I am writing a Core Data app and I’ve started passing my objects around to my views & managers. For example, my UIImageView subclass knows how to pull the image data out of the object, and if the image data hasn’t been loaded it knows how to fetch, assign, and use the image. I have a singleton manager to upload data to the server and those take managed objects and then update them with the server IDs on successful uploads.
This seems to be the wrong approach now that I am deleting managed objects (server tells me the objects have been deleted on the server side). The problem is that objects can get deleted out from underneath my views & managers.
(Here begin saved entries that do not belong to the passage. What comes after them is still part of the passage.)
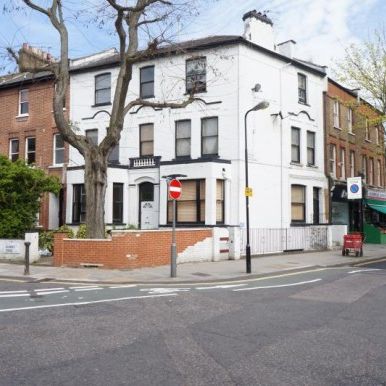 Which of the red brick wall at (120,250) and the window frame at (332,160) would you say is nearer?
the red brick wall at (120,250)

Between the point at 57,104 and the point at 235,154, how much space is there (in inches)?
339

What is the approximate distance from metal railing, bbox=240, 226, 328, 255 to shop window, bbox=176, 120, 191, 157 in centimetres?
517

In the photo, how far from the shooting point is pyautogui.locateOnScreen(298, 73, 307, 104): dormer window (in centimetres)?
2689

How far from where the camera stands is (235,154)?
22719mm

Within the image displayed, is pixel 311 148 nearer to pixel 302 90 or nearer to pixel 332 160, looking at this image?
pixel 332 160

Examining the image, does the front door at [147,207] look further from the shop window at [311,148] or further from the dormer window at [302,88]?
the dormer window at [302,88]

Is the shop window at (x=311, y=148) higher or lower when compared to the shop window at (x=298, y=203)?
higher

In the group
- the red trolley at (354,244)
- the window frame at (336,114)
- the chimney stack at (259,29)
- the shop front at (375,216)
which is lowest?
the red trolley at (354,244)

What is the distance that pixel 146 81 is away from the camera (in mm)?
25375

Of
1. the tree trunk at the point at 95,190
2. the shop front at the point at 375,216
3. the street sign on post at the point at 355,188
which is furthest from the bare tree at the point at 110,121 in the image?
the shop front at the point at 375,216

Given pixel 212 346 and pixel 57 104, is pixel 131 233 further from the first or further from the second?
pixel 212 346

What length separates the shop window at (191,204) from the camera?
22.6 meters

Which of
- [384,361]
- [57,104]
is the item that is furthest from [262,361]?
[57,104]

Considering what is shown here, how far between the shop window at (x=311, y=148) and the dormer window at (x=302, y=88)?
187 cm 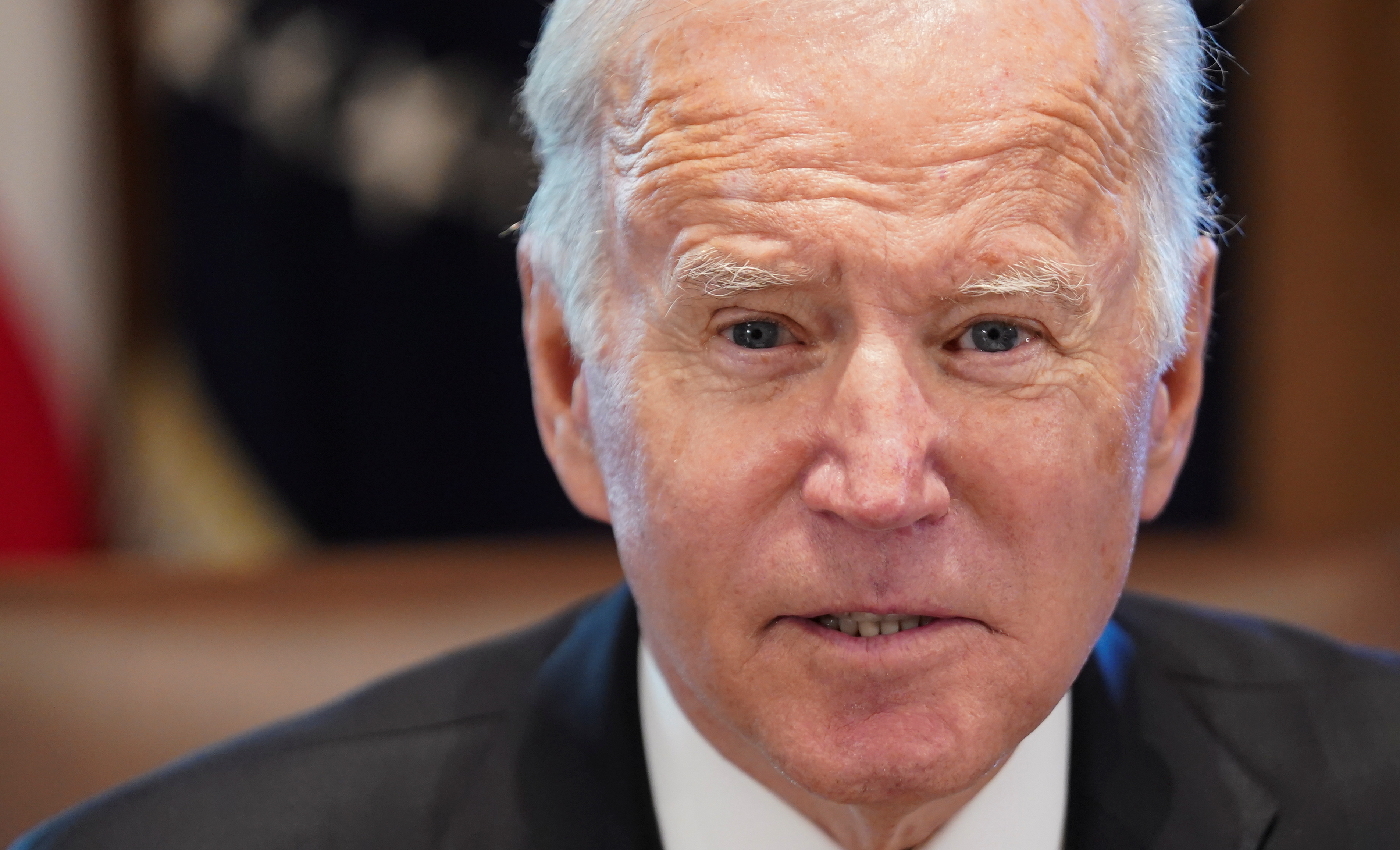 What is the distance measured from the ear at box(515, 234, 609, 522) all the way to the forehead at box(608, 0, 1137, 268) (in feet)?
0.81

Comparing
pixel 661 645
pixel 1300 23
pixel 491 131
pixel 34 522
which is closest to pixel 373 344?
pixel 491 131

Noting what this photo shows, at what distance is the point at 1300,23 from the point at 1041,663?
272 cm

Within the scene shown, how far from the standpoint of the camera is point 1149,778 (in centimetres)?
160

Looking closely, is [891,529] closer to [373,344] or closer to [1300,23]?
[373,344]

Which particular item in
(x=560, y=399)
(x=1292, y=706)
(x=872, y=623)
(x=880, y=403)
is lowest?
(x=1292, y=706)

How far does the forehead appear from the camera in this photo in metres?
1.29

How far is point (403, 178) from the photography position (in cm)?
329

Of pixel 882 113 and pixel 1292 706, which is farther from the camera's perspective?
pixel 1292 706

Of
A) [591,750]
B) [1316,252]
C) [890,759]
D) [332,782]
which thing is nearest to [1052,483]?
[890,759]

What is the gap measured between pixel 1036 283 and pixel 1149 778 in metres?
0.65

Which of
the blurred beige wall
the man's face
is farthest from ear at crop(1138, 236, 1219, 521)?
the blurred beige wall

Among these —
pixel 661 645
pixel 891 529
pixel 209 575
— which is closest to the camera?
pixel 891 529

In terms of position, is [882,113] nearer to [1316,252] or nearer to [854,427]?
[854,427]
Some more examples: If a completion block is still holding the object, it will be called with a deleted managed object. If a notification or user event makes it to a view before it disappears, it will attempt to access a deleted object as well. Yes, my table views / collection views will refresh and remove the associated views when underlying objects are deleted (and no longer match my fetch predicates), but there are still completion blocks.
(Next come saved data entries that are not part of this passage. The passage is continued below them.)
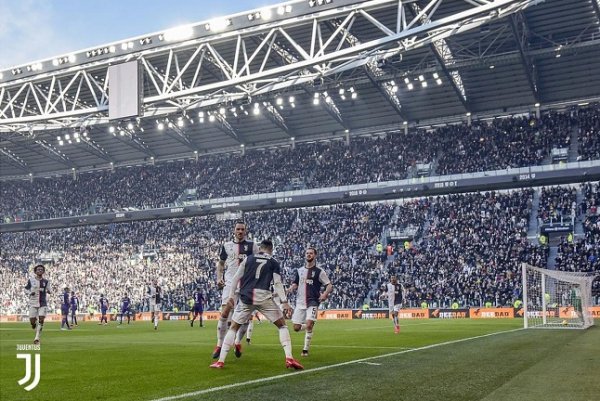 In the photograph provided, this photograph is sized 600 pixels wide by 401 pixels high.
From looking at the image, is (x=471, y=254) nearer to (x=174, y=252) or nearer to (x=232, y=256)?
(x=174, y=252)

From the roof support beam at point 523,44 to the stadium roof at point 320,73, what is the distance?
0.13m

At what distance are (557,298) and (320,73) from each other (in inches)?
688

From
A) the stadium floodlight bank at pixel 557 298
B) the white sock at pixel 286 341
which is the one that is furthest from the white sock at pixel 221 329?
the stadium floodlight bank at pixel 557 298

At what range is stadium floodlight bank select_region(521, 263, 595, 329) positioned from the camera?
27.2m

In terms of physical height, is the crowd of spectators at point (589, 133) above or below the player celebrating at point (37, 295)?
above

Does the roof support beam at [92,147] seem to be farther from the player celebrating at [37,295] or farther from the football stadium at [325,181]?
the player celebrating at [37,295]

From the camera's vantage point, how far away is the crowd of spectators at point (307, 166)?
47094mm

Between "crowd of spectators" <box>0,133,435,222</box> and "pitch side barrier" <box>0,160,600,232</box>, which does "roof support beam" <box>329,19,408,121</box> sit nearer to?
"crowd of spectators" <box>0,133,435,222</box>

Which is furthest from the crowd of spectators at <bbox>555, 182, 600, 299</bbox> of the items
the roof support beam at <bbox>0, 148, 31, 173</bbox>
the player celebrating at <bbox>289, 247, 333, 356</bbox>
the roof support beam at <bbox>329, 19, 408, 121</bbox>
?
the roof support beam at <bbox>0, 148, 31, 173</bbox>

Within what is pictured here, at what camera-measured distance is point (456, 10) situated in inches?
1435

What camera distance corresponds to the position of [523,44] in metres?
38.6

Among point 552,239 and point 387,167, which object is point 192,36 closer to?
point 387,167

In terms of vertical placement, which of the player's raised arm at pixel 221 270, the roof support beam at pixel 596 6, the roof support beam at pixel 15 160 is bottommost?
the player's raised arm at pixel 221 270

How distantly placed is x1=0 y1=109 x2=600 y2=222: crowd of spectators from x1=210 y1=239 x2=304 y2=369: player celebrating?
1510 inches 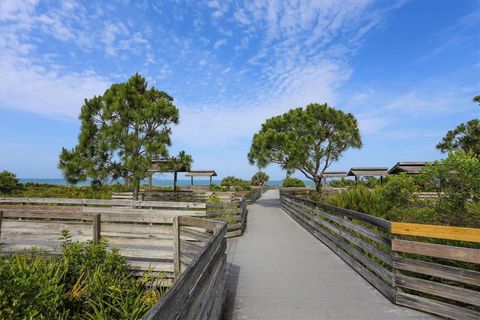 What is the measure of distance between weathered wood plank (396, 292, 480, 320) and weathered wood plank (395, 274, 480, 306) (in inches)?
6.1

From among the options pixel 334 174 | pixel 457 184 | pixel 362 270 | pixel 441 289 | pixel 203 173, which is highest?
pixel 334 174

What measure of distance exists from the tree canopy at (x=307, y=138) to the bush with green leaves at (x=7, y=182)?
19534 millimetres

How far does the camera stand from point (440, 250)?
153 inches

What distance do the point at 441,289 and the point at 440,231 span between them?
75 centimetres

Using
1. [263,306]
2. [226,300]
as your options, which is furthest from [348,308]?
[226,300]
Is it safe to be passing managed objects around like this if objects are going to be deleted? This approach so far has worked like a dream, I’m starting to think I need to completely decouple managed objects from all of my views and managers. That is, the controller fetches objects, creates the views/cells and sets all of the needed data (including IDs to reference the objects when delegate actions happen), and then lets the objects fault out again. When a user interacts with the view in any way, it must call back to the controller, fetch the associated object, and use that data. Should I stop holding on to my managed objects, or is there a clean way to just check .isDeleted all over the place?
If your moc is only doing work on the main thread, then its probably not too dangerous but not what I would say is a good design decision. If you are doing your moc work off the main thread (private dispatch queue or using the new-ado-of-ios5 option to have the moc use a private queue), then what you are doing is foolhardy.
I have a similar design but use the new-private-queue option on the moc. Any object that wants something from the moc must get it via my singleton’s interface, which does uses a ‘performBlock’ command. The nice thing about this design is that when I write, I just use ‘performBlock’. Retrieving information is obviously done using ‘performBlockAndWait’.
This interface gives me a lot of freedome to refactor the Core Data code and not have to touch anything else (which I’ve done 4 times now).